Quand on bricole sur un bateau il y a certaines règles à respecter, la première de toutes étant sans doute : Ne pas se précipiter ! Après Naples nous faisons escale à la Marina di Stabia pour l’avitaillement, le ménage et la vidange du moteur. On met ensuite le cap sur l’île la plus célèbre de toute la mer tyrrhénienne, Capri. En fin d’après-midi, alors qu’il ne nous reste plus que quelques milles à parcourir, nous croisons une véritable nuée de bateaux qui en reviennent, sillonnant la mer de toutes parts en direction des ports du golfe, ajoutant aux vagues d’une mer déjà agitée, alors que faute de vent nous avançons au moteur… Les conditions idéales pour un bon mal de mer !

Heureusement la peine est de courte durée, nous jetons bientôt l’ancre dans une crique étroite, juste sous la villa Malaparte. On tire une amarre jusqu’à un rocher pour tenir le bateau et profiter pleinement de ce magnifique mouillage. C’est le lendemain que les choses se compliquent ; à peine réveillé je vois dans les toilettes une traînée d’huile noire au bas de la trappe d’accès au moteur… Je me précipite pour l’ouvrir, comprenant déjà d’où vient le mal : plus de bouchon de carter ! Sans doute parti avec le sac contenant les chiffons utilisés pour la vidange. Cette dernière n’aura servi à rien, les 3/4 de l’huile neuve ont coulé dans la cale moteur. Quel con ! Je me le répète au moins douze fois avant de réfléchir à une solution.

A tout hasard on téléphone à la marina qui finit par retrouver le sac d’après la description qu’on leur en donne, une chance ! Je remets de l’huile et on refait notre route de la veille en sens inverse avec bon espoir de retrouver notre bouchon. Sur le quai de la marina un agent nous donne le sac rempli de chiffons, mais horreur, ce n’est pas le nôtre ! On repart, j’ai le moral dans les chaussettes… Ce fameux bouchon jaune va nous manquer, terriblement ; il faudra plusieurs semaines avant de pouvoir lui trouver un remplaçant. En attendant on rebouche le carter avec une pinoche bricolée qui saute de temps en temps et on surveille le niveau d’huile.

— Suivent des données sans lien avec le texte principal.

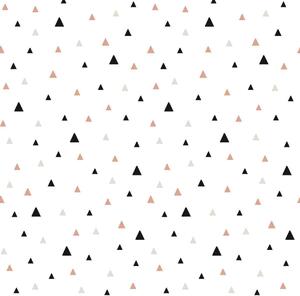 Small Triangles Black And Coral Non Woven / Easy Up-Tapet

Coromandel continue sa route, cherchant un abri pour la nuit du côté de Sorrente, sans succès, pour finir par jeter l’ancre au mouillage de la Punta Campanella. Le lendemain on se balade sur les hauteurs avant de reprendre la mer en direction d’Amalfi, longeant la côte sous le Sentiero degli Dei, ce fameux sentier que les dieux de l’Olympe empruntaient pour aller écouter le chant des sirènes.

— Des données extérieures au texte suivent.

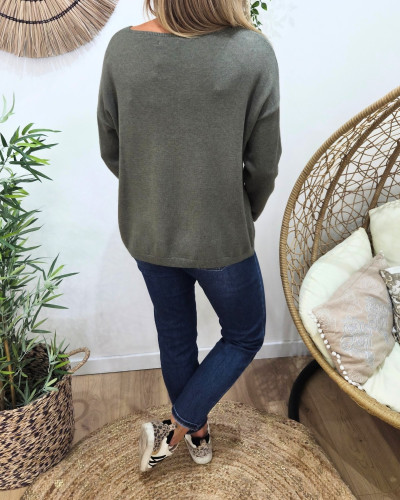 Pull fin femme uni col V Bérénice
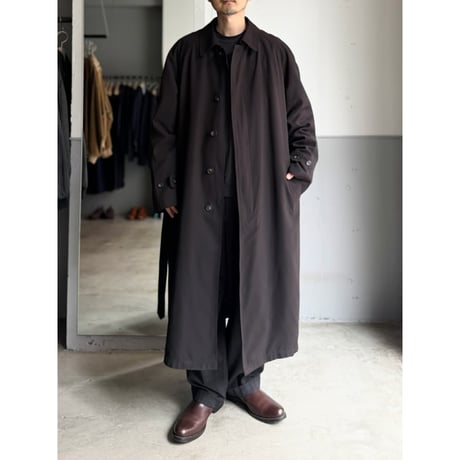 2000's "RALPH RALPH LAUREN" Peach skin fabric balmacaan coat with Detachable liner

Quand nous arrivons devant Amalfi un gars en hors-bord vient nous racoler ; à peine a-t-on accepté son offre qu’il saute sur le pont et prend les commandes. Son bateau amarré d’un côté, notre annexe de l’autre, Giulio conduit Coromandel d’une main jusqu’à la Marina Coppola, passant entre les bateaux avec la dextérité et l’assurance d’un pilote de rallye.

Le temps de visiter la ville et le jour suivant un bon vent nous emporte de l’autre côté du golfe de Salerne, sur les côtes d’une région superbe qu’on appelle le Cilento.